++++ Records for the task ++++

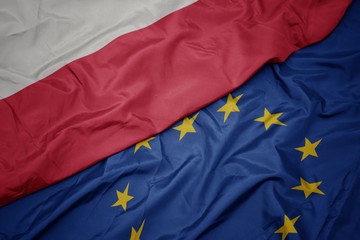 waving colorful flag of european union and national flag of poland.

++++
++++ Records for the task ++++

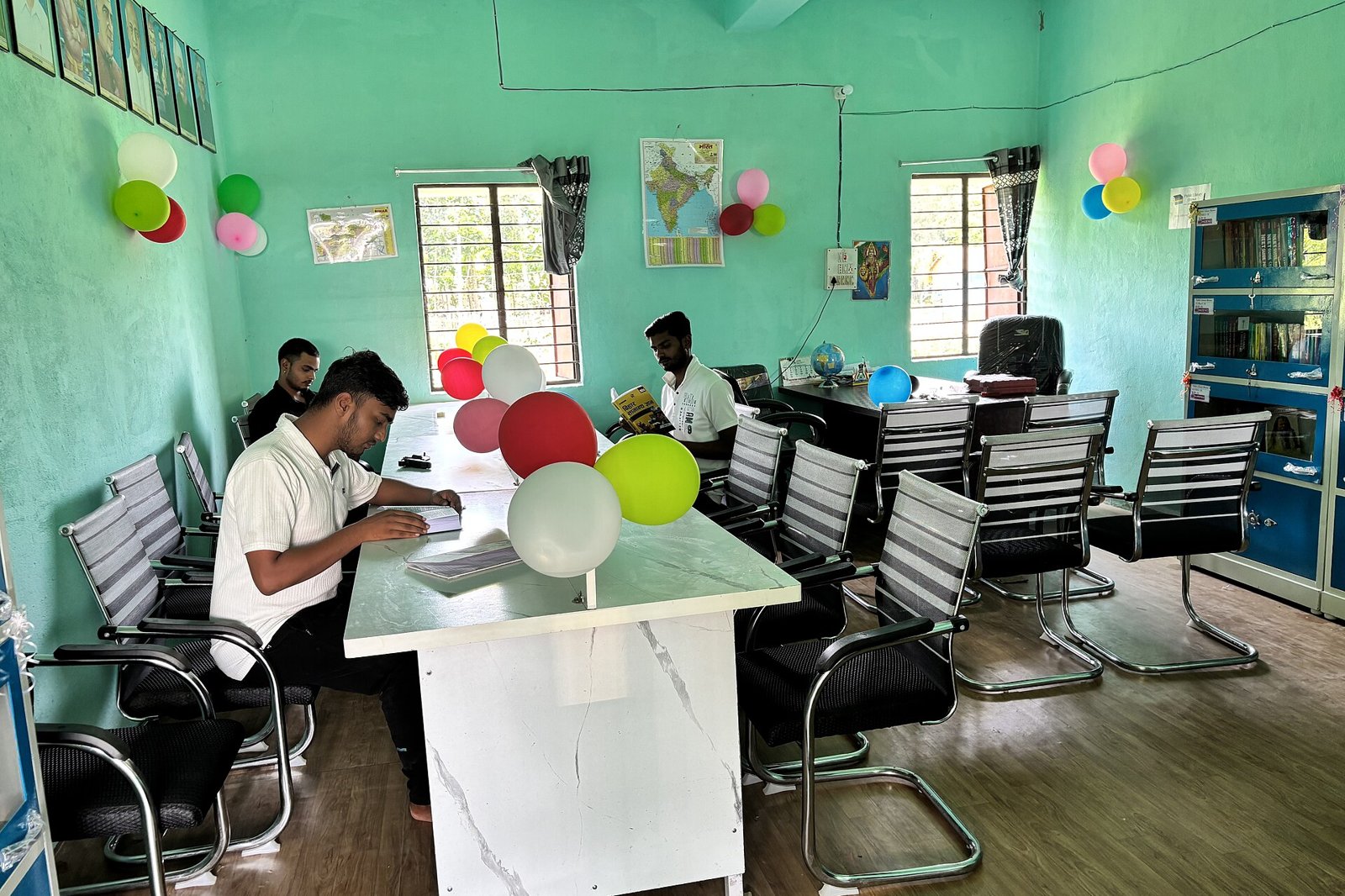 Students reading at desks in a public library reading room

++++
++++ Records for the task ++++

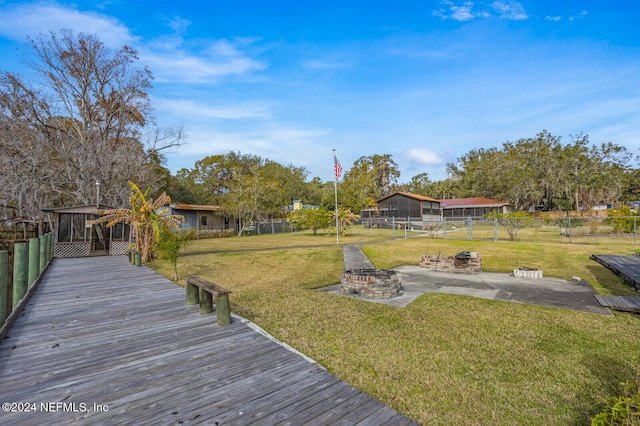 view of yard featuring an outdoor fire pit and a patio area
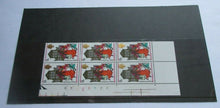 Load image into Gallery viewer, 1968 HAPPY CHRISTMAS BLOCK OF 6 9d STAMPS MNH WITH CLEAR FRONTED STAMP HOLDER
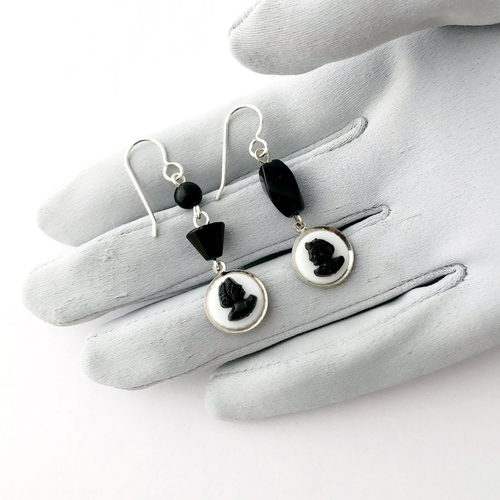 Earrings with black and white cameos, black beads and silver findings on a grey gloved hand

++++

* Task description:
Everything from the line above that contains "view of yard" down to the line that contains "Earrings with black" must be reproduced exactly, both ends included. Omit the pictures.

* Expected answer:
 view of yard featuring an outdoor fire pit and a patio area
 Load image into Gallery viewer, 1968 HAPPY CHRISTMAS BLOCK OF 6 9d STAMPS MNH WITH CLEAR FRONTED STAMP HOLDER
 Earrings with black and white cameos, black beads and silver findings on a grey gloved hand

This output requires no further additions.